Hepimizin yakından takip ettiği ve Bülent Bey’in de belirttiği gibi ülke ekonomimiz ve onun oyuncuları olarak bizler, geçtiğimiz yıllar içinde çok büyük bir sınav verdik. Önce tarihimizin en büyük ekonomik krizini yaşadık, sonra dünyayı bile hayrete düşürecek bir kararlılık göstererek bugünkü ümit vadeden seviyelere geldik.

Yakaladığımız siyasi ve ekonomik istikrar her ne kadar ekonomimiz ile ilgili pek çok rakamı bizler için daha ümit vaat eder bir hale getirdiyse de, içinde bulunduğumuz piyasa şartlarında iş yapan biz iş insanları, hala bazı alanlarda sorunlar yaşıyoruz. Enflasyonun hedeflenen düzeylerin de altına inmesi, bazıları için mucize gibi görünen büyüme oranlarına erişilmesi gibi başarıları sonuçlara karşın bunların istihdamın artırılmasına yansımasının yeterli düzeyde olmaması buna bir örnektir. Bir diğer önemli gösterge de belki de ekonomimizin iyileşme sürecinin bir yan etkisi olarak yorumlayabileceğimiz cari açığımız.

Ekonomimiz krizin etkilerini üzerinden tamamen silme ve iyileşme sürecini sürdürülebilir kılma dönemindedir. Bünyesinde 8 Bin’e yakın KOBİ’yi barındıran Türkiye’nin en büyük gönüllü iş dünyası örgütü TÜRKONFED olarak hep ifade ettiğimiz gibi, bu dönemde de kriz döneminde olduğu gibi en büyük sorunları KOBİ’lerimiz yaşamaktadır.

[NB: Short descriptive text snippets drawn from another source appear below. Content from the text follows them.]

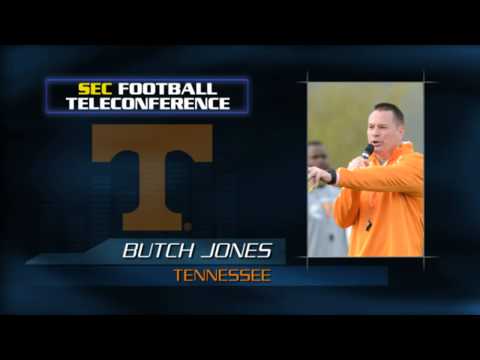 SEC Spring Football Teleconference - Butch Jones - April 30th, 2014
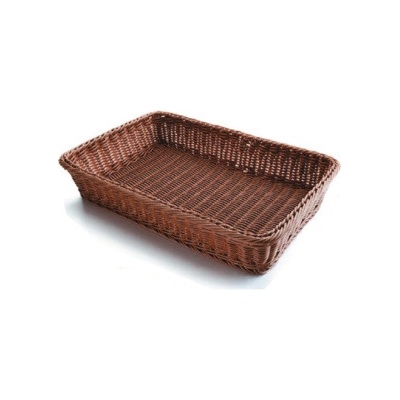APS | Košík na pečivo, polyratan, obdélný, tmavý, 176x325x65mm
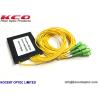 Buy cheap 0.9mm 2.0mm 3.0mm Fiber Optic Coupler Splitter 1x8 ABS Box Modular Low Insertion Loss from wholesalers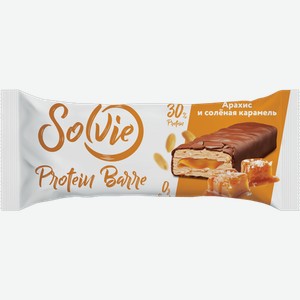 Батончик протеиновый Солви Арахис и соленая карамель ф/п 50г.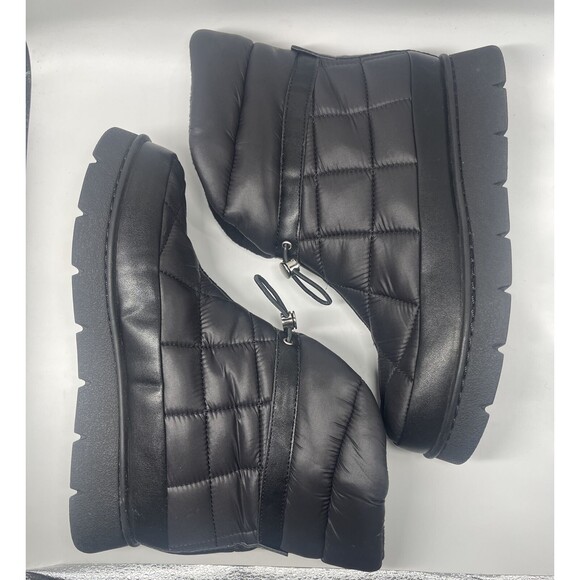 Marc Fisher Kamryn Black Quilted Slip-On Bootie Sz 7 New W/O Tag - Picture 5 of 8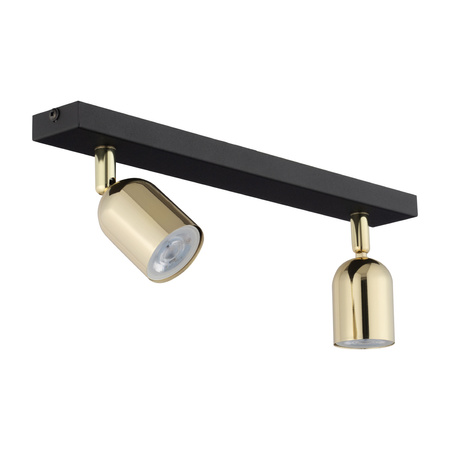 Lampa sufitowa TOP Black Gold 2xGU10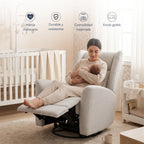 Sillón Reclinable Giratorio Con Mecedora Mila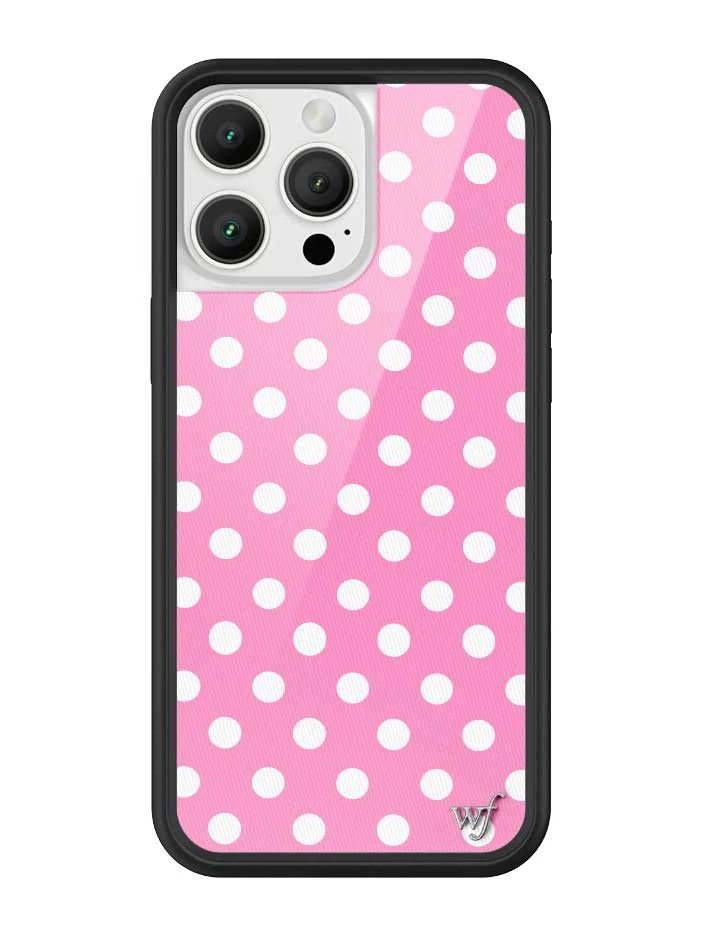 Polka Dot | Pink and White iPhone Case - Image 15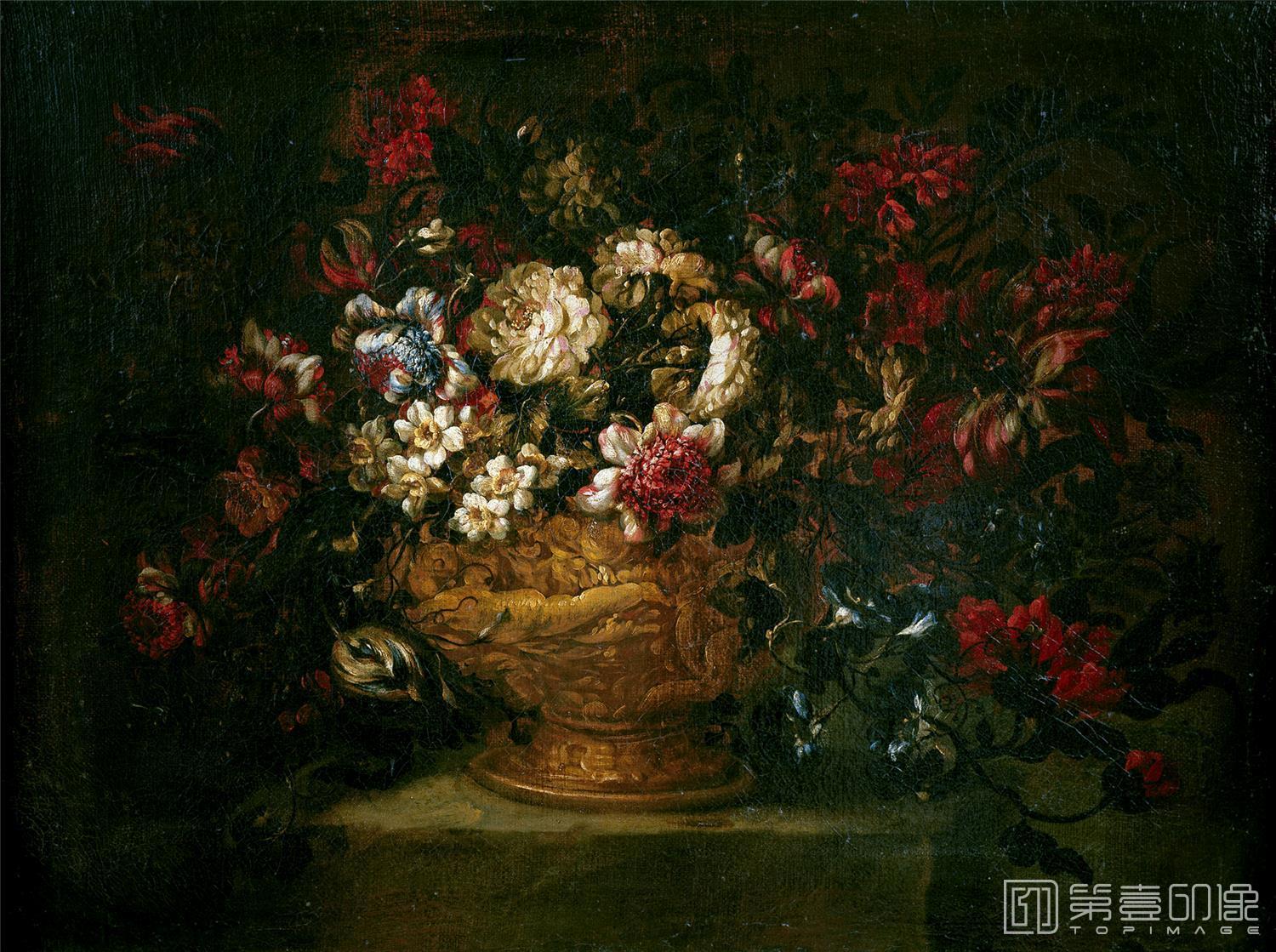 油画-花之王者-古典花卉油画集-355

Hepinizin katıldığını düşündüğüm gibi eğer Türkiye, hedeflediği sosyo-ekonomik düzeye ulaşacaksa bunda KOBİ’lerimiz olmazsa olmaz oyuncular olacaktır. Hatta Türkiye’yi o seviyeye KOBİ’lerimiz taşıyacaktır. Ancak, Türkiye olarak bizim global pazardaki en büyük rekabet avantajlarımızdan biri olması gereken KOBİ’lerimizin büyük bir bölümü maalesef henüz bu ligde aktif birer oyuncu olma yönünde yeterli donanıma ve finansmana sahip değiller.

Ayrıca kısa sayılabilecek bir süre içinde KOBİ’lerimiz AB’nin kendi içinde yapılanmasını tamamlamış, yabancı pazarlarda gelişme imkanı arayan AB üyesi ülkelerin KOBİ’leri ile bir mücadele sürecine girecekler. Bu sürecin Türkiye’nin en büyük rekabet avantajı olan KOBİ’lerimiz lehinde yaşanması, en büyük temennimizdir. Uluslararası alanda rekabet edebilir bir düzeye erişememiş Türk KOBİ’leri demek, uluslararası alanda rekabet avantajı azalmış bir Türkiye demektir.

İşte TÜRKONFED olarak, bugünkü seminerimize bu kadar önem vermemizin ana nedenlerinden biri budur. Türkiye’nin hedeflediği sıçramayı yapabilmesi, ülke içindeki oyuncuların uluslararası pazarlarda rekabet eder hale gelebilmesi için öncelikle içlerindeki girişimcilik ruhunu tetiklemeliyiz. Ardından da sıçramayı destekleyecek alternatif finansman yöntemleri önermeliyiz.

Birazdan bu konuda KOBİ’lerimizin en büyük destekçilerinden biri olacağını düşündüğüm Dünya Bankası Grubu yetkilileri, bizlere sağladıkları destekler ve projeleri gibi konularda bilgi verecekler. Toplantılarımızı, Şanlıurfa, İskenderun, İstanbul ve Konya gibi illerimizde de devam ettirip, bu bilgileri Türkiye genelindeki iş insanlarımızla da paylaşacağız. Hepimiz

Dünya Bankasını bir ölçüde tanıyoruz; ancak Dünya Bankası Grubu bünyesinde faaliyet gösteren IFC ve MIGA gibi kuruluşları tanımak eminim hepimiz için ufuk açıcı olacaktır.

Seminerde aktarılacak bilgilerin hepiniz için faydalı olmasını diliyor, beni dinlediğiniz için teşekkür ediyorum.